Las mujeres que llevaban aquellos atuendos se parecían en mayor o menor medida a unas o a otras, según el grado de poesía o vulgaridad que las distinguiera. La materia viva volvía ondulante lo que nos resulta en exceso rígido. Aún hoy la imaginación del espectador puede echar a andar o hacer temblar esta túnica o ese chal. Un día de estos, tal vez, se montará en un teatro un drama en el que veremos la resurrección de los atuendos bajo los que nuestros padres eran tan agradables como nosotros bajo nuestras pobres prendas (que también tienen su gracia, es cierto, pero de una naturaleza más bien moral y espiritual), y, si los visten y los resucitan actrices y actores inteligentes, nos asombrará el habernos reído de ellos tan a la ligera. El pasado, sin perder lo intrigante del fantasma, recuperará la luz y el movimiento de la vida, y se hará presente.

Si un hombre imparcial repasara una por una todas las modas francesas desde el origen de Francia hasta el presente, no encontraría nada de chocante ni de asombroso. Las transiciones serían tan abundantes como en la escala del mundo animal. Nada de lagunas; por tanto, nada de sorpresas. Y si aquel agregara, a la viñeta representativa de cada época, el pensamiento filosófico que más la ocupaba o la inquietaba, pensamiento que la viñeta recuerda inevitablemente, vería que una profunda armonía rige a todos los miembros de la historia y que, aun en los siglos que se nos antojan más monstruosos y demenciales, se ha satisfecho siempre el inmortal apetito por lo bello.

Se nos presenta aquí una buena ocasión, por cierto, para plantear una teoría racional e histórica de lo bello, en contra de la teoría de lo bello único y absoluto; para demostrar que lo bello tiene siempre, inevitablemente, una composición doble, aunque la impresión que produce sea singular; pues la dificultad que tenemos para discernir en la unidad de dicha impresión los elementos variables de lo bello no invalida la necesidad de variedad en la composición.
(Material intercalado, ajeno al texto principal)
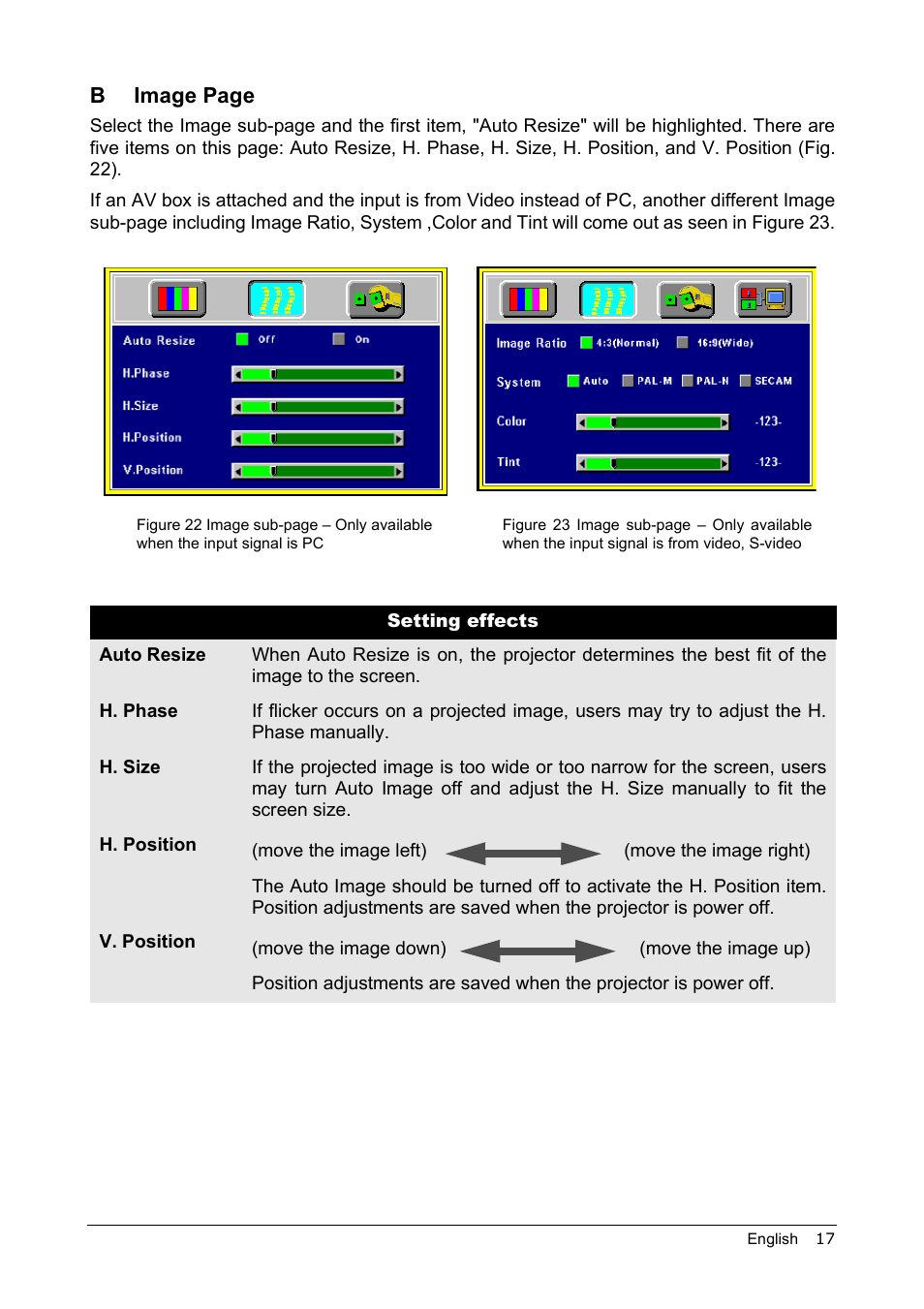 Setting effects, Mage | MITSUBISHI ELECTRIC LVP-XD10U User Manual | Page 21 / 30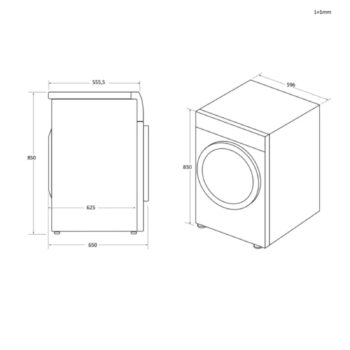 Haier HD100-A2939E-TR 10 kg Wi-Fi + Bluetooth Bağlantılı Isı Pompalı Kurutma Makinesi - Görsel 7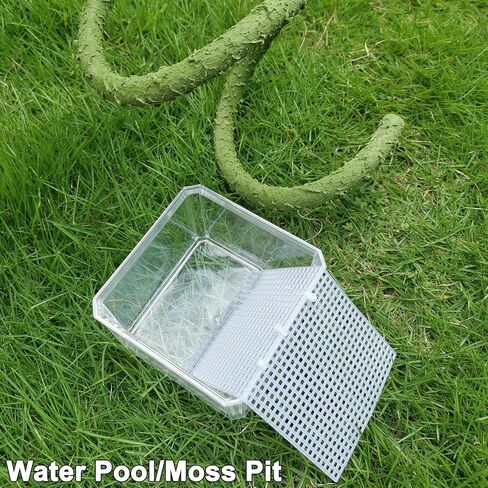 خزان مياه لسلطعون الناسك مع منحدر للتسلق، العاب تسلق السلطعون الناسك، مجموعة مستلزمات حوض السمك في المياه المالحة، ملحقات قفص لسلطعون الناسك الصغير والمتوسط in Kuwait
Lo bello consiste en un elemento eterno, invariable, cuya cantidad es muy difícil determinar, y de un elemento relativo, circunstancial, que será, si se quiere, por turno o en su conjunto, la época, la moda, la moral, la pasión. Sin este segundo elemento, que es como la envoltura entretenida, estimulante, atractiva, del dulce divino, el primer elemento sería indigerible, inapreciable, inapropiado y no apto para la naturaleza humana. Desafío a que se descubra un ejemplo cualquiera de belleza que no contenga estos dos elementos.

Tomo, por así decir, los dos grados extremos de la historia. En el arte hierático, la dualidad aparece a primera vista; la parte de belleza eterna solo se manifiesta con el permiso y bajo las normas de la religión a la que pertenece el artista. La dualidad se observa igualmente en la obra más frívola de un artista refinado, perteneciente a una de esas épocas que con excesiva vanidad llamamos civilizadas; la porción eterna de belleza se hallará al mismo tiempo velada y expresada, si no por la moda, cuando menos por el temperamento particular del autor. La dualidad del arte es consecuencia fatal de la dualidad del hombre. Piénsese, si se quiere, en lo que subsiste eternamente como en el alma del arte, y en el elemento variable como en su cuerpo. De ahí que Stendhal, un espíritu impertinente, burlón, incluso odioso, se acercara más que muchos otros a la verdad al decir que «Lo bello no es sino la promesa de la felicidad». Sin duda esta definición sobrepasa su objetivo; somete lo bello al ideal infinitamente variable de la felicidad; despoja con excesiva ligereza lo bello de su carácter aristocrático; pero tiene el gran mérito de alejarse decididamente del error de los académicos.

Más de una vez expliqué estas cuestiones; estas líneas dirán lo suficiente para quienes aprecien los juegos del pensamiento abstracto; pero sé que, en su mayoría, los lectores franceses rara vez se complacen en ellos, y a mí mismo me urge entrar en la parte concreta y real de mi tema.